CS360 Lab 5: Advanced Logistic Regression and Fairness Regularization

Due: Thursday, February 29 at 11:59pm

Overview

The goals of this week’s lab:

Revisit stochastic gradient descent for Logistic Regression
Augment our standard logistic regression algorithm with fairness regularization
Consider hyperparameter tuning to increase performance

In this lab we will be analyzing the “Census Income” dataset, where the goal is to predict income from census attributes. We will think about this dataset in a slightly different context, where we are trying to ensure fairness based on sex. Race is also included in the dataset, but we will not consider this feature for now. Using our notation from class:

A = 1 (female, protected class) A = 0 (male, unprotected class) Y = 1 (income >= 50k) Y = 0 (income < 50k)
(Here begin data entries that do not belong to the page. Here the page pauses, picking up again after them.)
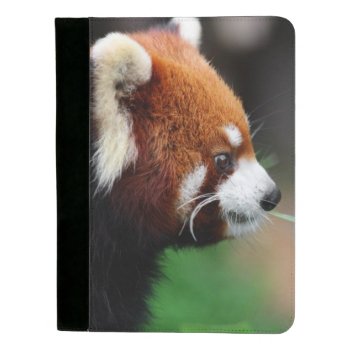 Red Panda Padfolio by wildlifecollection at Zazzle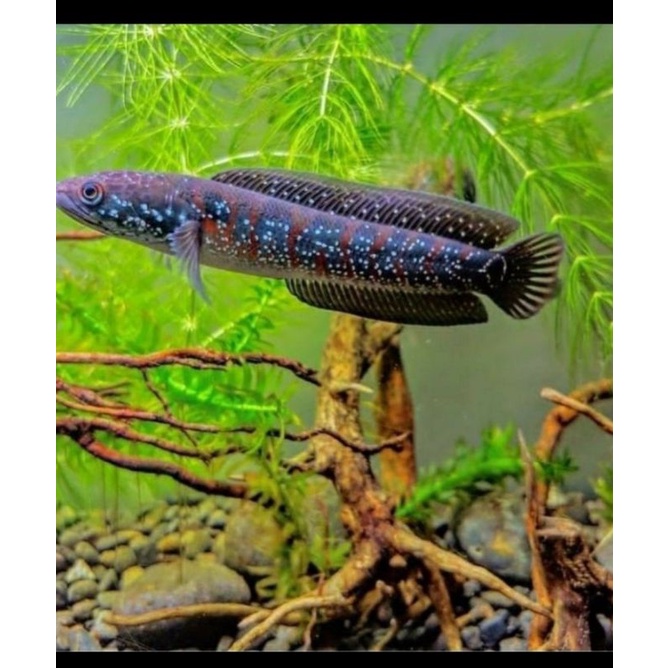 Baby Chana Asiatica RSWS size 6-7cm Pakan : Ulat kandang, Cacing Sutra, pelet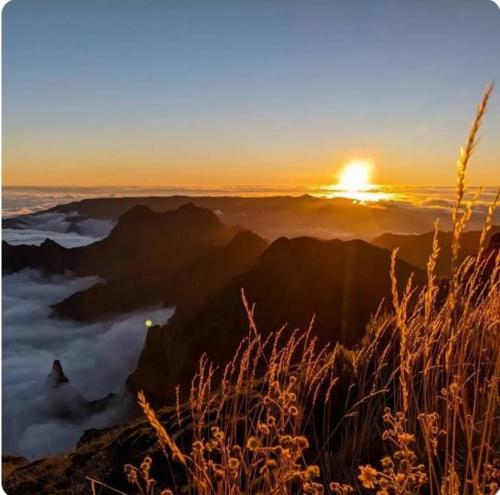 Refúgio do Vale - carbon neutral hotel in Ribeira Brava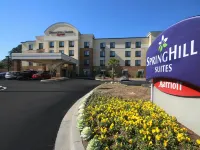 北查爾斯頓/阿什利法斯菲特萬豪SpringHill Suites 酒店 鄰近查爾斯頓國際機場的酒店
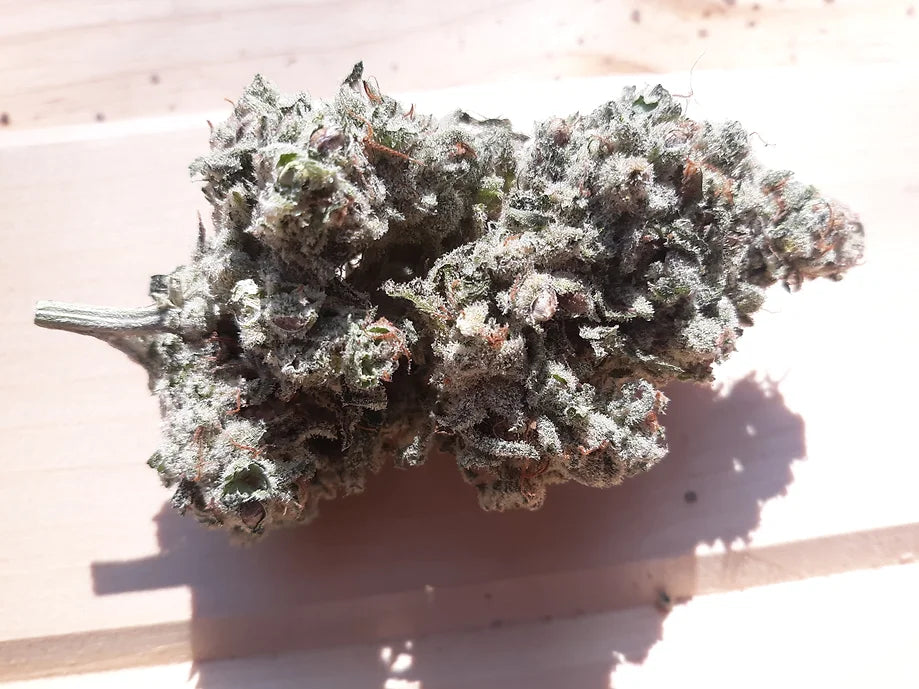 TwistedTree | Twisted Cookies F5 | Auto Flower Cannabis Seeds Female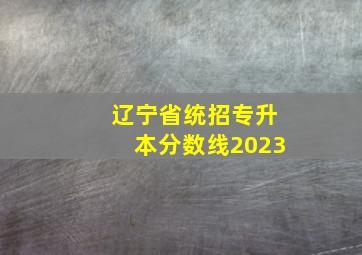 辽宁省统招专升本分数线2023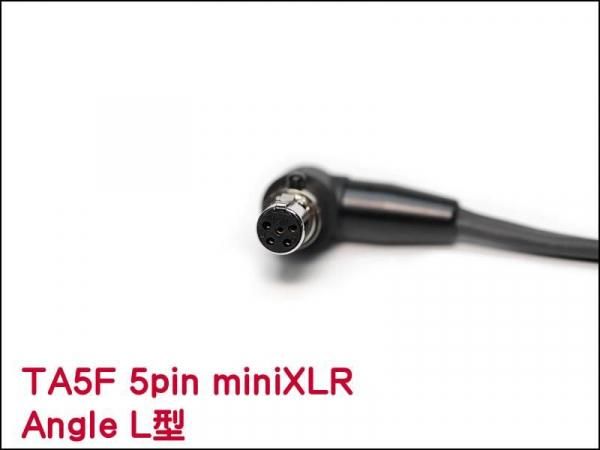 WISYCOM 5pin Receiver TA5F XLR レシーバー 変換ケーブル
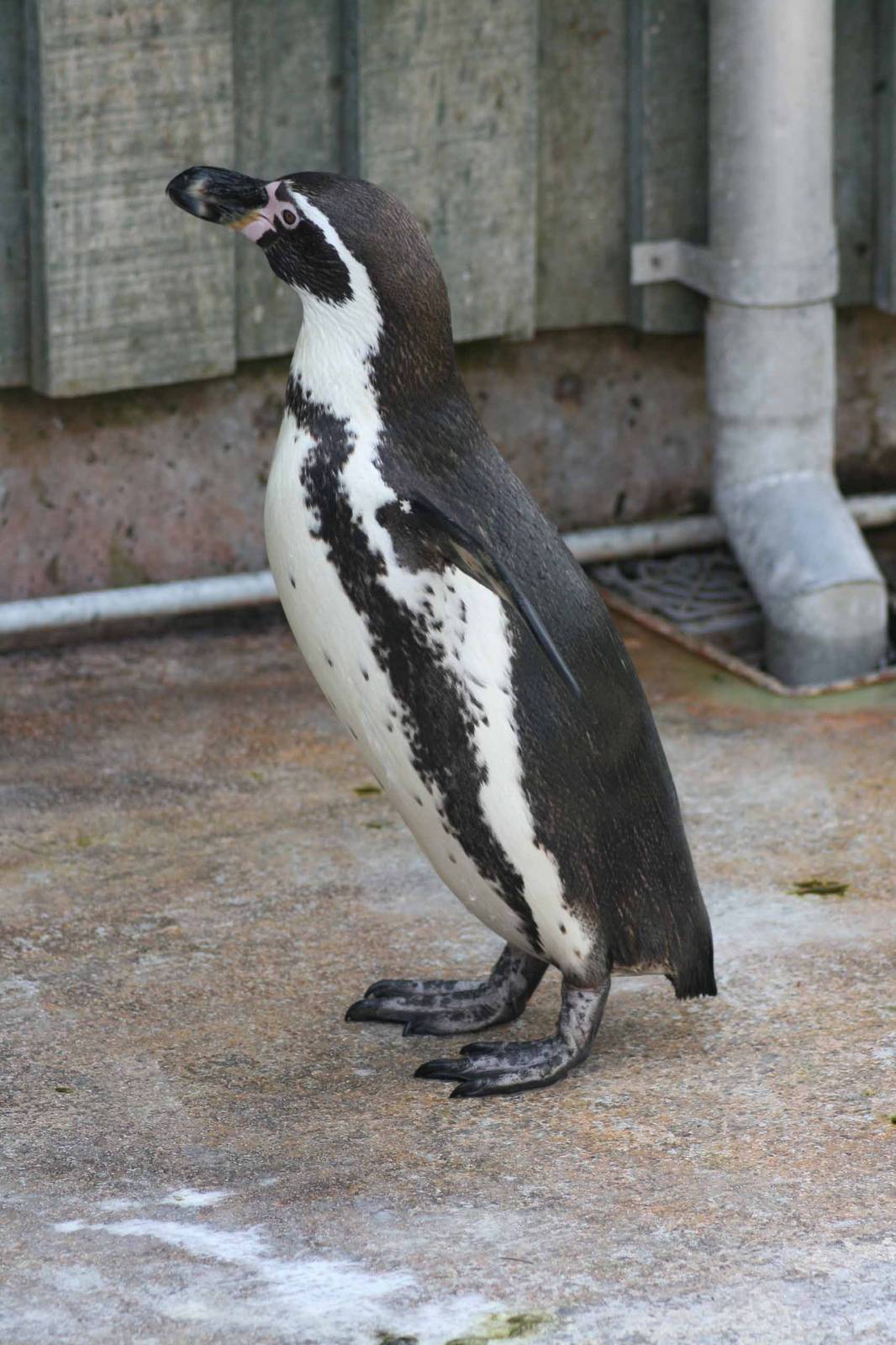 Humboldt Penguin, Marwell Wildlife
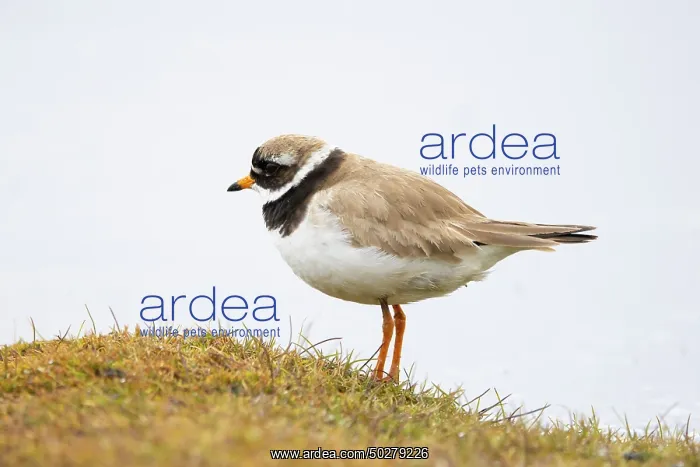 : Ringed Plover : Ringed Plover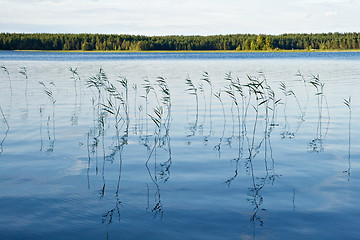 Image showing Blue waters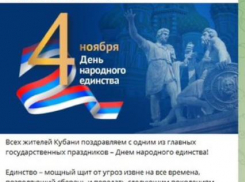 Депутат гордумы Краснодара празднует День народного единства с флагом Сербии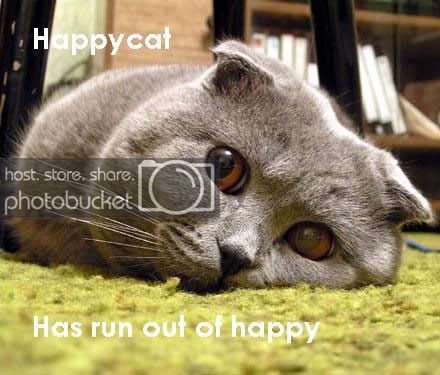 happycatranout.jpg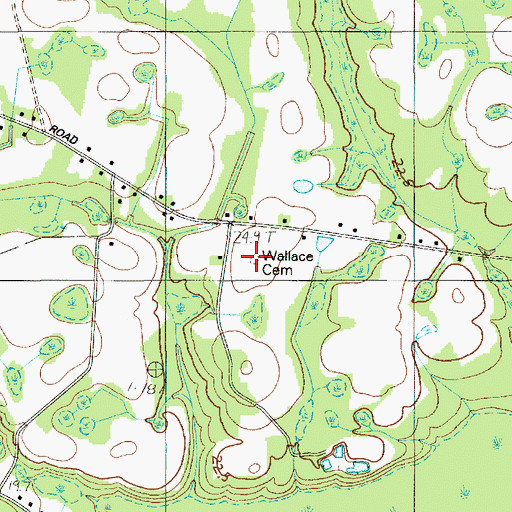 Topographic Map of Wallace Cemetery, SC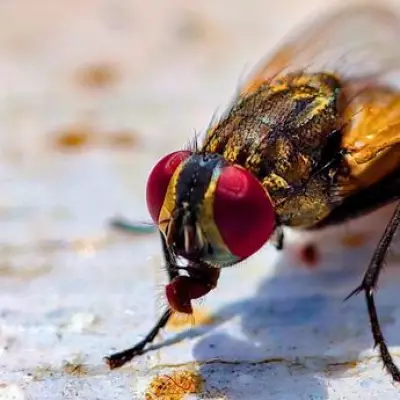 Keep Flies Out of Your Home All Summer with a Simple 30-Second Evening Task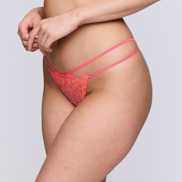 Packshot | Primadonna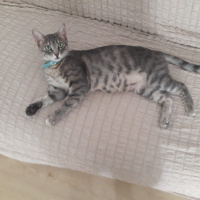 Tekir Kedi, Kedi  Bulut fotoğrafı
This lab may optionally be done in pairs (or you can work individually).

Getting Started

Find your git repo for this lab assignment the lab05 directory. You should have the following files:

data - directory containing the train and test data.
run_LR_fairness_regularizers.py - your main program executable for Logistic Regression.
LogisticRegression.py - file for the LogisticRegression class (and/or functions).
README.md - for analysis questions and lab feedback.

Usage and I/O

Usage

Your programs should take in the same command-line arguments as Lab 4 (feel free to reuse the argument parsing code), plus a parameter for the learning rate alpha and a parameter for the maximum number of SGD iterations t. For example:

python3 run_LR_fairness_regularizers.py -r data/adult/adult.data.cleaned.csv -e data/adult/adult.test.cleaned.csv -a <learning rate> -t <max iter>

Program Inputs

To simplify preprocessing, you may assume the following:

I would recommend creating a function to parse the CSV file format. You are welcome to use pandas for this, which has a read_csv function. Save sex and the label separately, and omit race for now. So the features that we do want to consider for X are:

FEATURE_NAMES = ["age", "education-num", "capital-gain", "capital-gain", "capital-loss", "hours-per-week"]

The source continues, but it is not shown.